- [The records]:
※ ※ ※

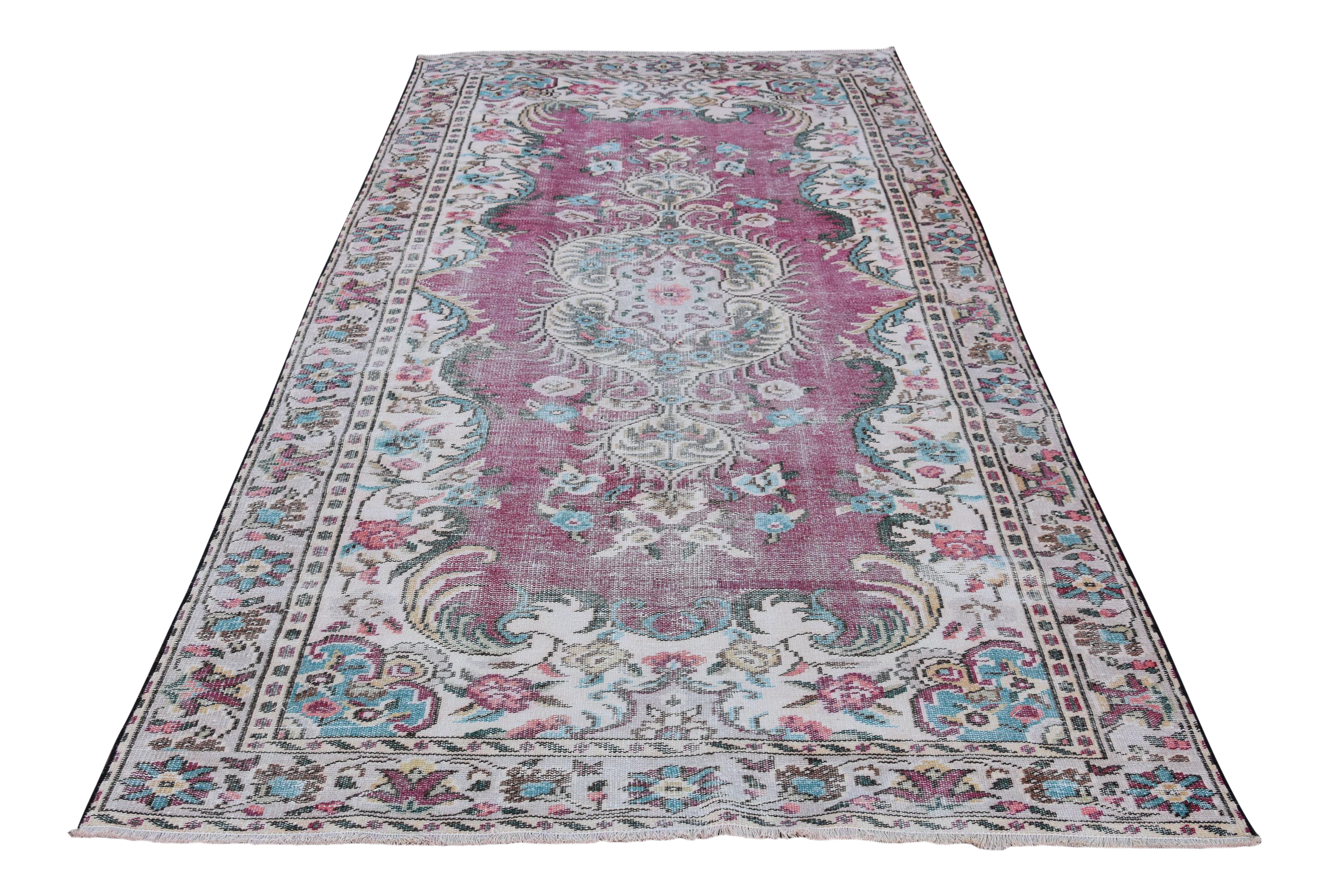 Turkish Antique Vintage Wool Area Rug Muted Red Color Rug Floral Design Livingroom Handmade Rug 5x9 Ft Chairish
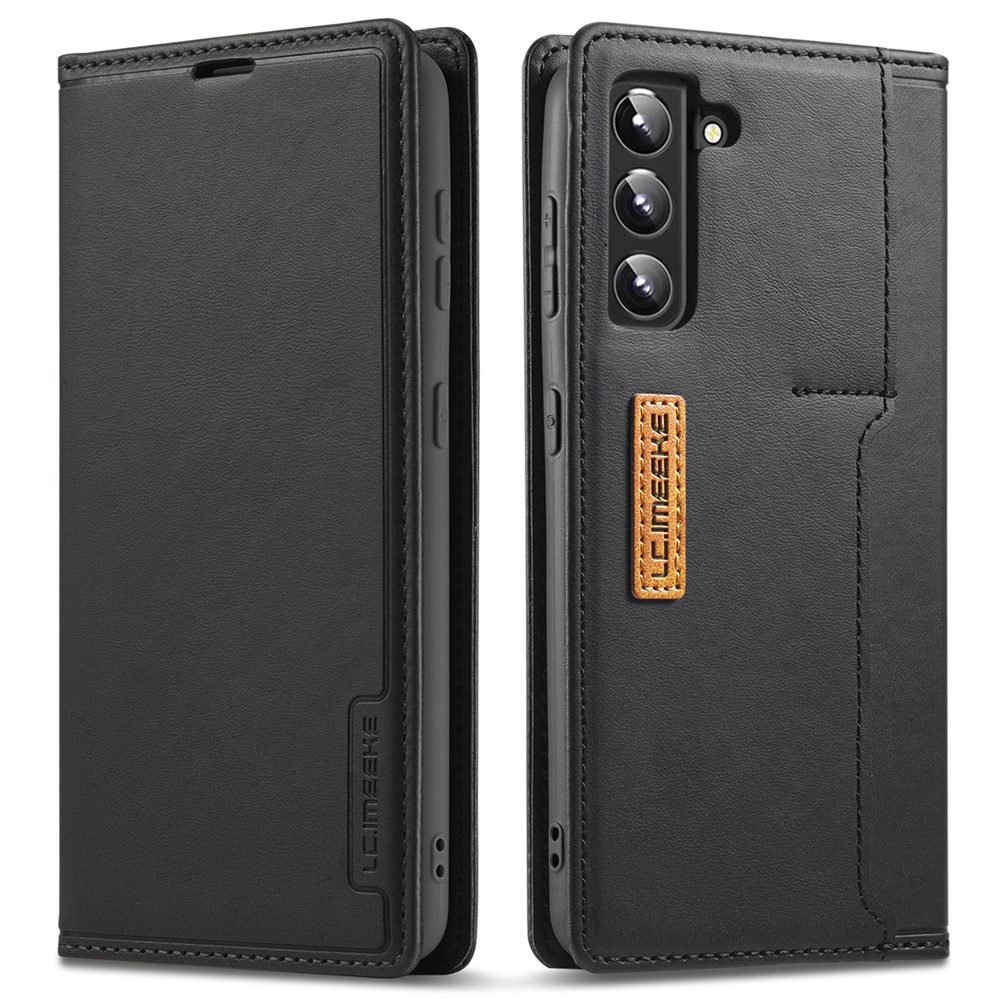 LC.IMEEKE LC-001 Series Outer Inner Card Slot Design Color Splicing PU Leather Phone Case Shell for Samsung Galaxy S22+ 5G - Black-1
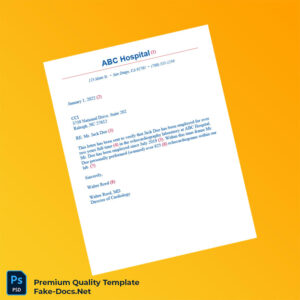 United States ABC Hospital Employment Verification Letter Template (Word & PDF)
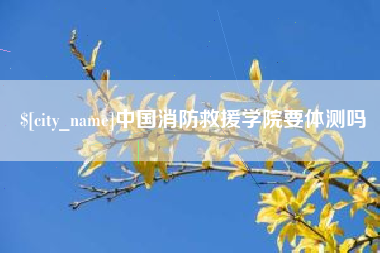 池州中国消防救援学院要体测吗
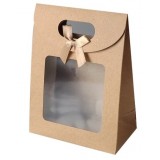 Пакет подарочный с окошком маленький 20*14*7 см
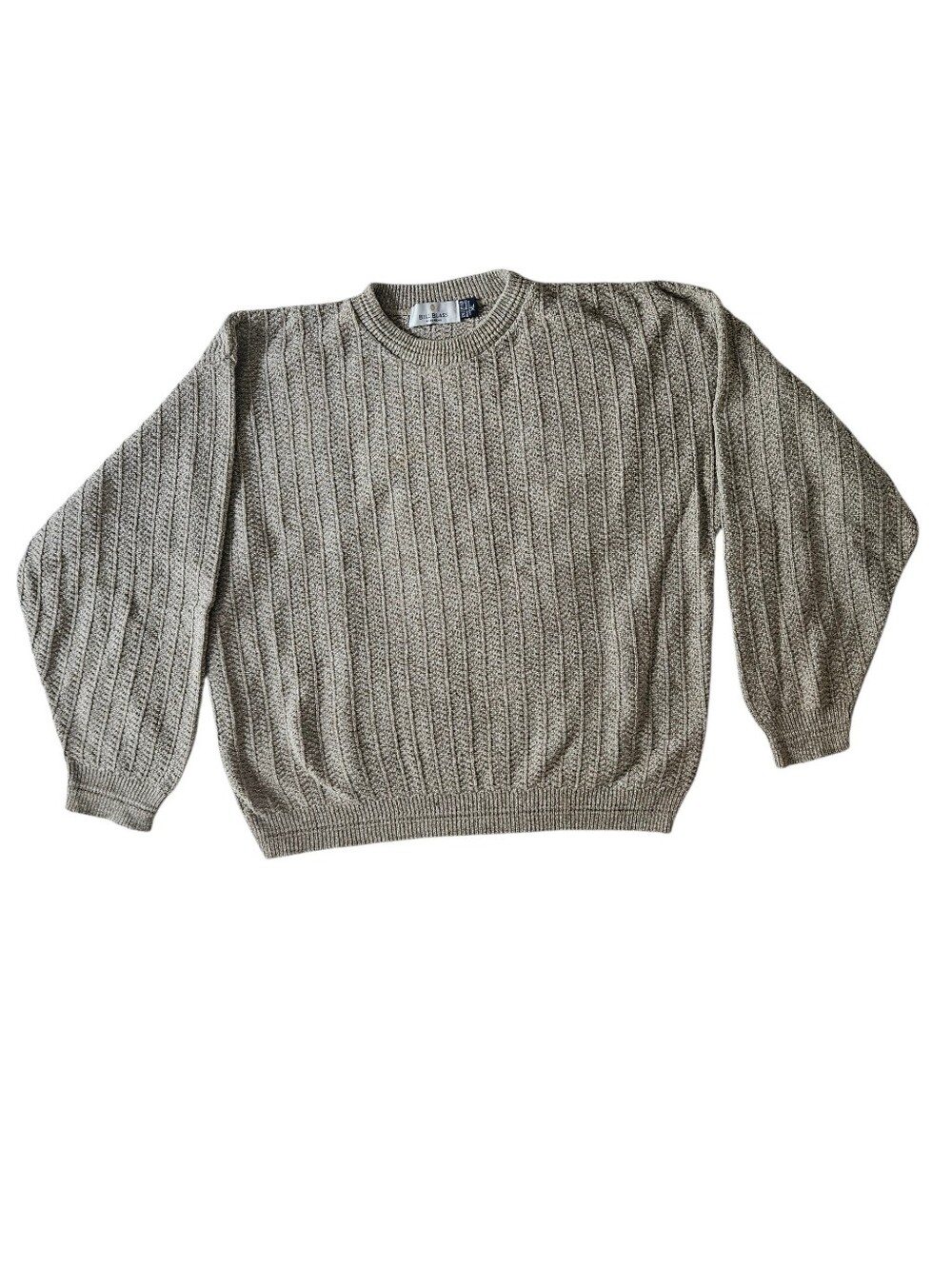 BILL BLASS Textured Cable Knit Cotton Heathered Beige Sweater | SZ XL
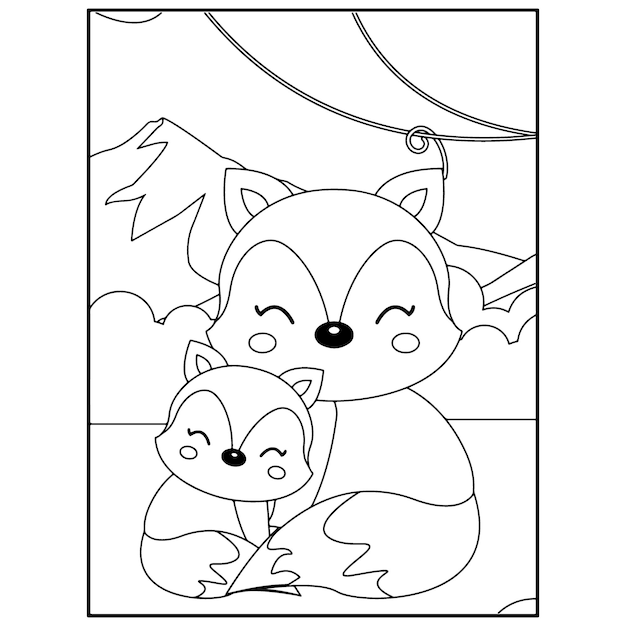 Cute Animals coloring pages for kids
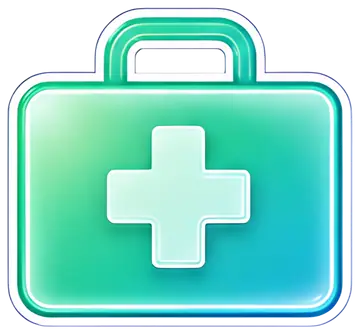 Stylized teal first aid kit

※ ※ ※

- [Exercise aim]: If a record contains a picture, leave the picture out; repeat the record itself exactly.

- [Final answer]:
 Turkish Antique Vintage Wool Area Rug Muted Red Color Rug Floral Design Livingroom Handmade Rug 5x9 Ft Chairish
 LC.IMEEKE LC-001 Series Outer Inner Card Slot Design Color Splicing PU Leather Phone Case Shell for Samsung Galaxy S22+ 5G - Black-1
 United States ABC Hospital Employment Verification Letter Template (Word & PDF)
 池州中国消防救援学院要体测吗
 Пакет подарочный с окошком маленький 20*14*7 см
 BILL BLASS Textured Cable Knit Cotton Heathered Beige Sweater | SZ XL
 Cute Animals coloring pages for kids
 Stylized teal first aid kit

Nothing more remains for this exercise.